What you are asked to do:
Output the whole listing exactly, except for the pictures in it.

Information given:
- - -

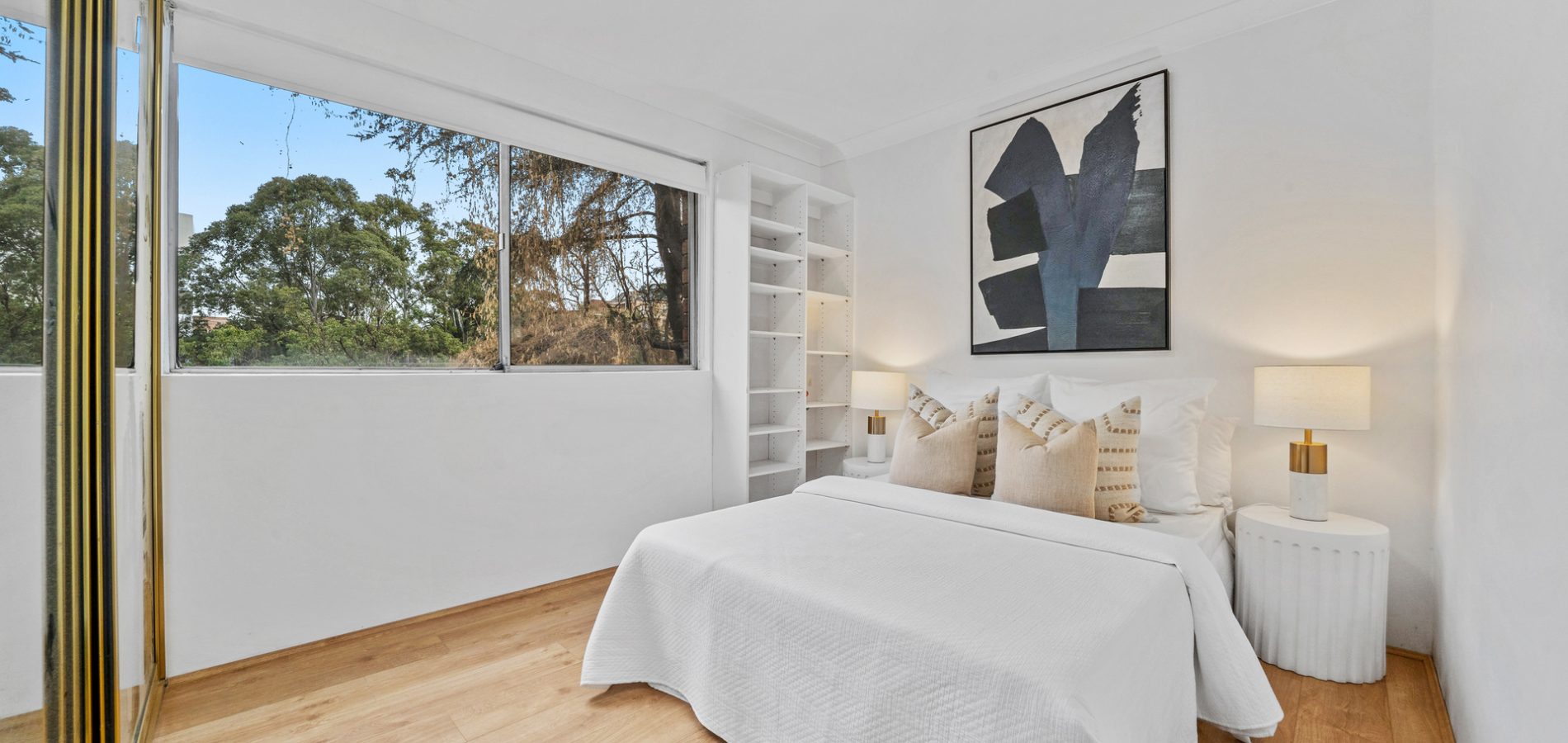 Sold - 15/7-11 Elizabeth Street - New Property in Parramatta - Real Estate by Team Aaron X Rowan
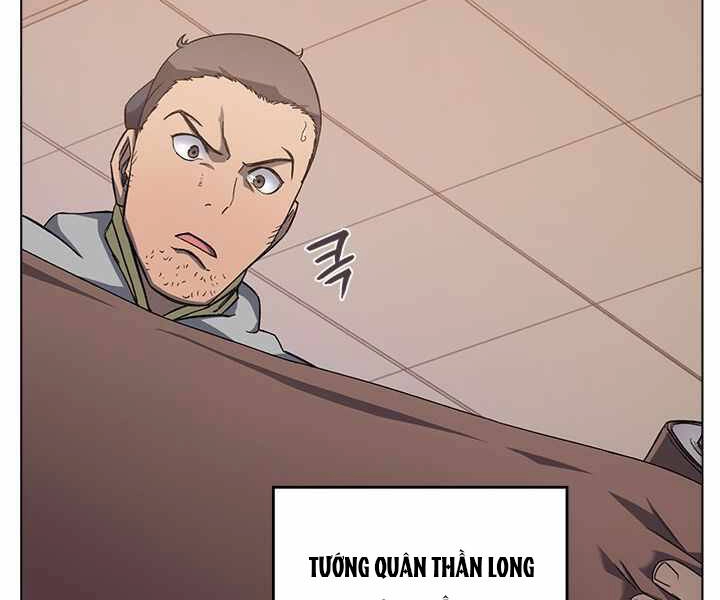 Biên Niên Sử Của Thiên Quỷ Chapter 170 - 113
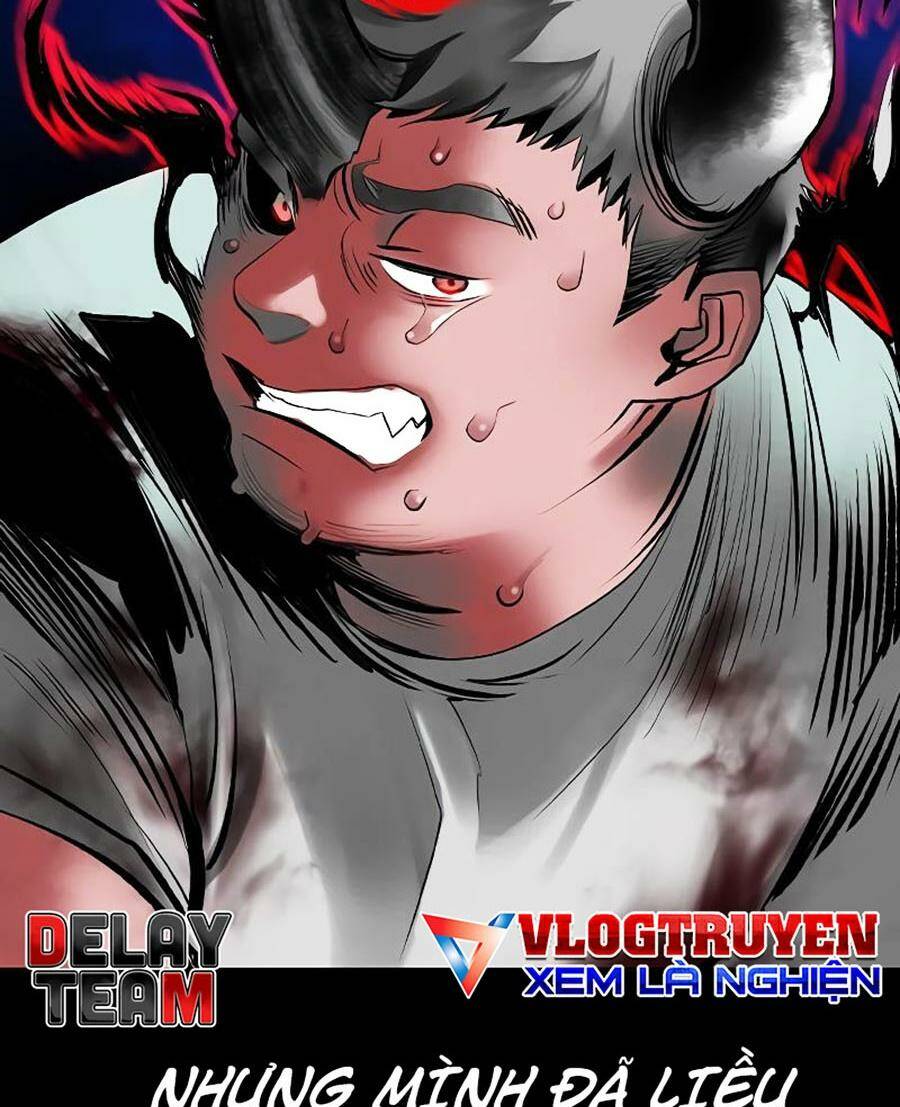 Nhân Trùng Đại Chiến Chapter 105 - Trang 2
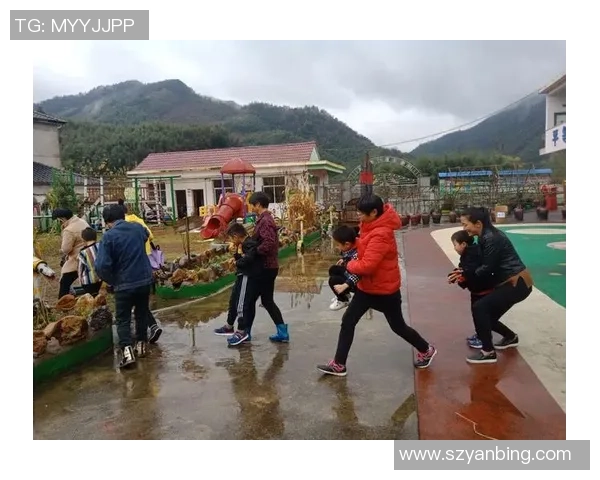 平替羽毛球的篮球鞋推荐让你轻松享受运动乐趣与舒适体验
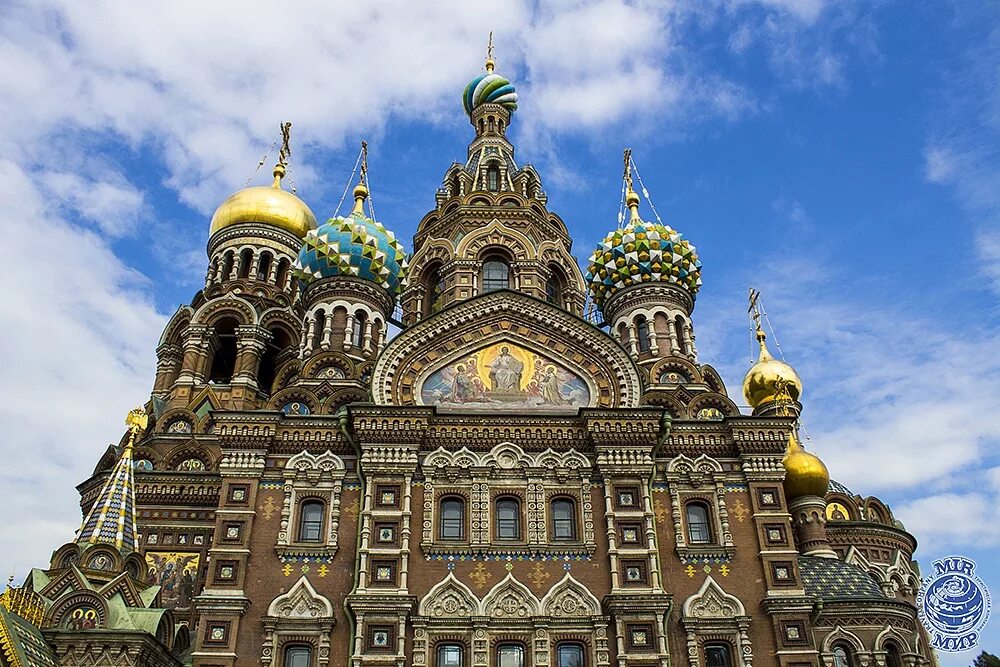 Спас на крови какой стиль. Храм Спаса-на-крови Санкт-Петербург. Храм Воскресения Христова спас на крови. Храм в Питере спас на крови.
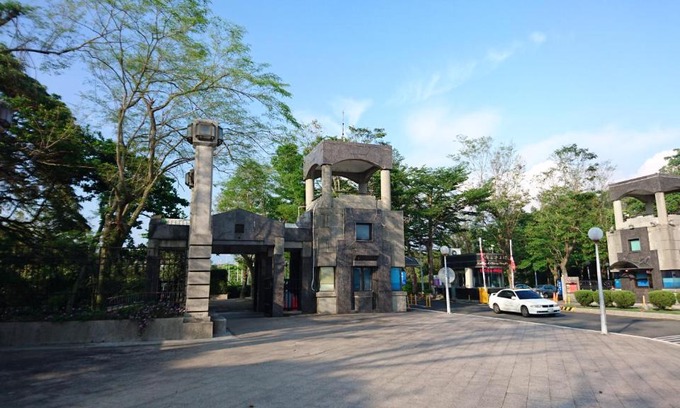 Minxiong House | Sanxing Hall Homestay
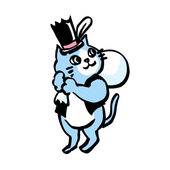 ろー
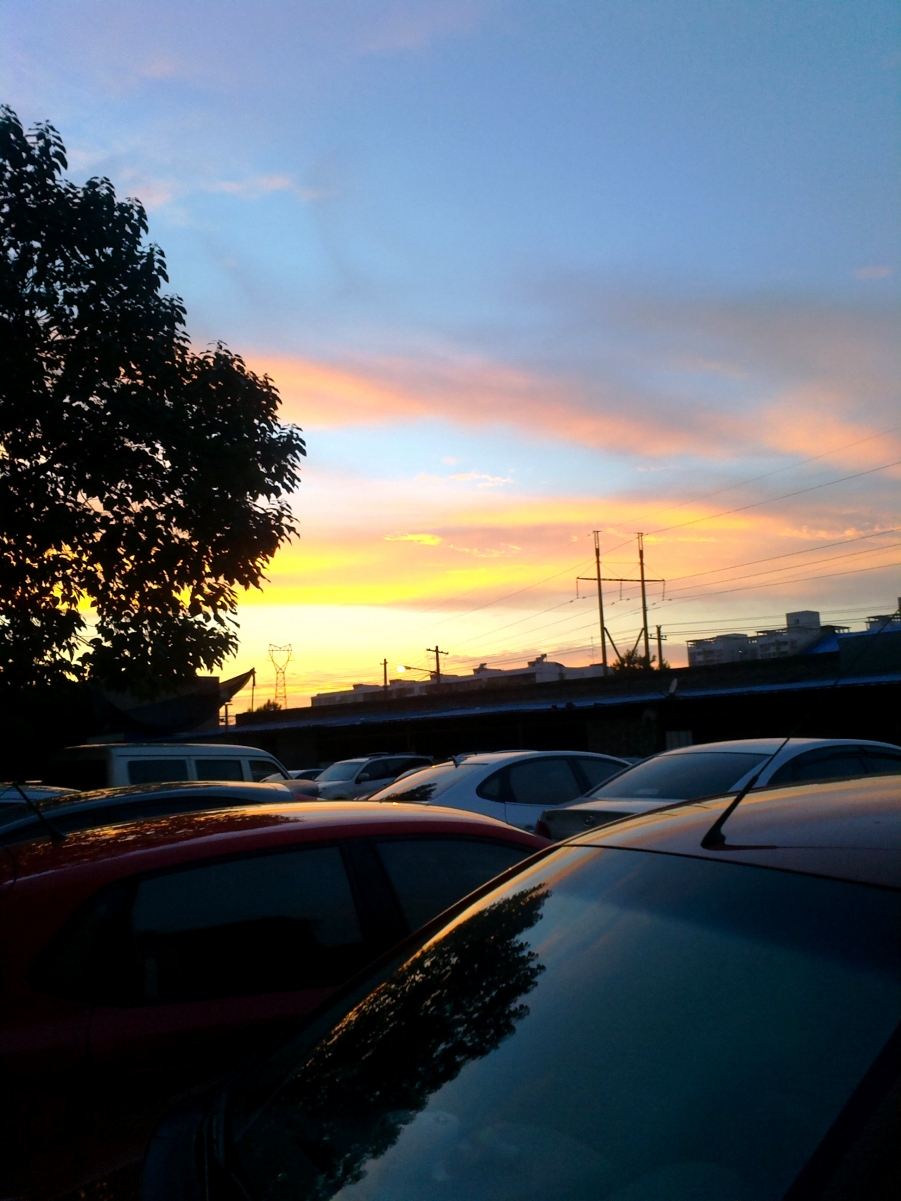 2012-09-02-516.jpg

- - -

Exercise result:
 Sold - 15/7-11 Elizabeth Street - New Property in Parramatta - Real Estate by Team Aaron X Rowan
 Biên Niên Sử Của Thiên Quỷ Chapter 170 - 113
 Nhân Trùng Đại Chiến Chapter 105 - Trang 2
 平替羽毛球的篮球鞋推荐让你轻松享受运动乐趣与舒适体验
 Спас на крови какой стиль. Храм Спаса-на-крови Санкт-Петербург. Храм Воскресения Христова спас на крови. Храм в Питере спас на крови.
 Minxiong House | Sanxing Hall Homestay
 ろー
 2012-09-02-516.jpg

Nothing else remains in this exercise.